Where did you get that ? That's incorrect.

What is the physical meaning of anticommuting and not anticommuting operators? $$[A,B]_+=0, [A,B]_+\not=0$$
Is there any physical meaning or is it just a mathematical tool?
The issues with anticommutators pertain to quantum field theory and they are the convenient mathematical tool which is necessary for the theory of fermionic fields to be valid.

Daniel.

why isnt that correct? for example $$[L_i,L_j]_-\not=0$$ means that you cant exactly measure two components of angular momentum at the same time, the same for $$[x_i,p_i]_-\not=0$$.
can you find a counter-example?

so it is just a mathematical tool?

dextercioby
Homework Helper
The question and whole problematic of measurement is a thorny subject in quantum mechanics. This is subject to the different "interpretations". Basically i follow the "statistical interpretation" which guided Leslie Ballentine to write his excellent book on QM.
That's why i claim that what you wote above is incorrect.
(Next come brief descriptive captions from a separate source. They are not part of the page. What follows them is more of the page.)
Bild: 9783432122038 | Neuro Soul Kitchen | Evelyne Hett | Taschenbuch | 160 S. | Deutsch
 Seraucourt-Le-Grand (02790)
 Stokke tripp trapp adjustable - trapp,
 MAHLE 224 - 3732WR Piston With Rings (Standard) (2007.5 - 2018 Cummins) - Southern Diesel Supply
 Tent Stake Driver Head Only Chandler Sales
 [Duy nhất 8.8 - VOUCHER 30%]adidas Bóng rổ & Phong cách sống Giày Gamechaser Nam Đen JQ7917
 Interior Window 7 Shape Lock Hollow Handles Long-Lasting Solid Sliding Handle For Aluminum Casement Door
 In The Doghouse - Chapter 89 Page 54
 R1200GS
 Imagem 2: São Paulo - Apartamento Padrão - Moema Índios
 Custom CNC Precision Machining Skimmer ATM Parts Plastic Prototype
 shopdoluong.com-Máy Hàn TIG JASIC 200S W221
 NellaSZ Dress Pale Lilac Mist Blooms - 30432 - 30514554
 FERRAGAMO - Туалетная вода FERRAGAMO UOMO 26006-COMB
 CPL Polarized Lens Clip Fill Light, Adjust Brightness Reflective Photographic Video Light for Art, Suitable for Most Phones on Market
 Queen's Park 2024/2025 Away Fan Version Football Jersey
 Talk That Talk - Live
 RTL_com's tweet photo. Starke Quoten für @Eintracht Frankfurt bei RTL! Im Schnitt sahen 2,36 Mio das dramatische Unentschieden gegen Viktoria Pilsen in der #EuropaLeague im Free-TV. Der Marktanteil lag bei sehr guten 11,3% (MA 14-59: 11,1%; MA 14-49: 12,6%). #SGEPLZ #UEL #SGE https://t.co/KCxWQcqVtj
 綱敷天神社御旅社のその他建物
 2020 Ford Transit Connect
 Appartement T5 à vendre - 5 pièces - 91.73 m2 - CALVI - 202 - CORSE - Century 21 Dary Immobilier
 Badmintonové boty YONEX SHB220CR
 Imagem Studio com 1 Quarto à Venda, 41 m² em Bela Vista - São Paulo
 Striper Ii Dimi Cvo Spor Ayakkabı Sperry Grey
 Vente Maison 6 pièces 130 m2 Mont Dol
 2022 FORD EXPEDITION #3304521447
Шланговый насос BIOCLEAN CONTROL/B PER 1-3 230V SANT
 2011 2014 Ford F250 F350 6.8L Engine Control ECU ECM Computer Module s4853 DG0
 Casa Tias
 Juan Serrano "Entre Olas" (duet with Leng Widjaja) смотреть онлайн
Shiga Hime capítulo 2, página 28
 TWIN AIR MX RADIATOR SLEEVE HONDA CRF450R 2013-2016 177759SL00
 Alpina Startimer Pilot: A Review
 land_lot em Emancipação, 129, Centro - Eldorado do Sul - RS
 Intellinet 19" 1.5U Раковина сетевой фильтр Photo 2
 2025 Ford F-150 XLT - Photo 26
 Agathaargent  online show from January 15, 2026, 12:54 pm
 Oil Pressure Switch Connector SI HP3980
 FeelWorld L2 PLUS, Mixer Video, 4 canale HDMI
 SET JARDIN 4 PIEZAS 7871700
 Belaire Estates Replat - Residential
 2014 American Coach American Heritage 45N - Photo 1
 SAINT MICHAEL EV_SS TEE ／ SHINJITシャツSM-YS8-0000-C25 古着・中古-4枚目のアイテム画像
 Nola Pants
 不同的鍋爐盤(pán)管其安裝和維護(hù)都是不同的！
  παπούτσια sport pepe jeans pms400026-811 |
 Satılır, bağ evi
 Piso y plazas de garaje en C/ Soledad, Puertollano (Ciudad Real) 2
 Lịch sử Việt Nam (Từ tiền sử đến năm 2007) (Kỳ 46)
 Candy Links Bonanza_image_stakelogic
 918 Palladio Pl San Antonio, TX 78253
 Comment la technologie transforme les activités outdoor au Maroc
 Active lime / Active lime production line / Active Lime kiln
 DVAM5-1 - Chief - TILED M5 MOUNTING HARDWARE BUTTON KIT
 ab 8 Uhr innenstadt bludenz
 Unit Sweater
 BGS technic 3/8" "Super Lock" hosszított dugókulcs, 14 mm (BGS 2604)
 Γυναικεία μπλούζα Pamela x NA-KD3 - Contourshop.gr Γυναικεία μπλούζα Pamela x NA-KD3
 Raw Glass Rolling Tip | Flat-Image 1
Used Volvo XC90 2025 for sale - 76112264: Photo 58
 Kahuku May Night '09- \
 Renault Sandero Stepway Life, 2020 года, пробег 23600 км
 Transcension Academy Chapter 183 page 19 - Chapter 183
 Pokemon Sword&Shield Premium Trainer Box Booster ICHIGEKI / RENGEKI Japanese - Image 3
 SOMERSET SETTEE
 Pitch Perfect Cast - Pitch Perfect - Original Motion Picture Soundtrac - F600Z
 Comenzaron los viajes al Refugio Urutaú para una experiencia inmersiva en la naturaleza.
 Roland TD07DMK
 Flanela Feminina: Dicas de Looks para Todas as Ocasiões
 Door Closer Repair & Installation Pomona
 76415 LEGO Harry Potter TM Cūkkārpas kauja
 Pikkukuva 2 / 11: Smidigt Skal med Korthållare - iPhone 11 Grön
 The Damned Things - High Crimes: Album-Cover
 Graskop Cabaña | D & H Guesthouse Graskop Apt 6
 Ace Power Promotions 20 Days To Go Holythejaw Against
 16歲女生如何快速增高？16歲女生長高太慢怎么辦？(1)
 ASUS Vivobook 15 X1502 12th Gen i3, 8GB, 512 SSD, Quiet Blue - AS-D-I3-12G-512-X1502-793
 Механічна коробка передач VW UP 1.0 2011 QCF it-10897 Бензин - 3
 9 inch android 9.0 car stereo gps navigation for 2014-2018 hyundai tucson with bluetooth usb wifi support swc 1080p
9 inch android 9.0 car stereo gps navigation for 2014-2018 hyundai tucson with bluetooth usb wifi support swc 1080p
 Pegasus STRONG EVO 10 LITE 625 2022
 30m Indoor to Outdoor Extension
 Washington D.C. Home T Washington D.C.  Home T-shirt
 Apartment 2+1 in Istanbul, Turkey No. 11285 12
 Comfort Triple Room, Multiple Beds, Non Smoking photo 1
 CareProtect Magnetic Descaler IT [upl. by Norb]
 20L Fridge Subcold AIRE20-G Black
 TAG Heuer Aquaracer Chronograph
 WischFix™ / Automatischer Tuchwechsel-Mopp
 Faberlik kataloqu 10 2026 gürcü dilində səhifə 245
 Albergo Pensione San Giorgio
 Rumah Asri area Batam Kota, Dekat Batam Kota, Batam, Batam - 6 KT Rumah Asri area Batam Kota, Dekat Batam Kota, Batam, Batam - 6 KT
Yes, anticommutators, just like commutators are nothing but a mathematical tool.

Daniel.

ahrkron
Staff Emeritus
Gold Member
...Basically i follow the "statistical interpretation" which guided Leslie Ballentine to write his excellent book on QM.
That's why i claim that what you wote above is incorrect.
IIRC, a somewhat general expression for the uncertainty principle shows that the uncertainty in the measurement of two quantities is proportional to their commutator, which means that, regardless of interpretation, two observables can indeed be measured simultaneously if they have a vanishing commutator (with the possible exception in the case of time-dependent operators).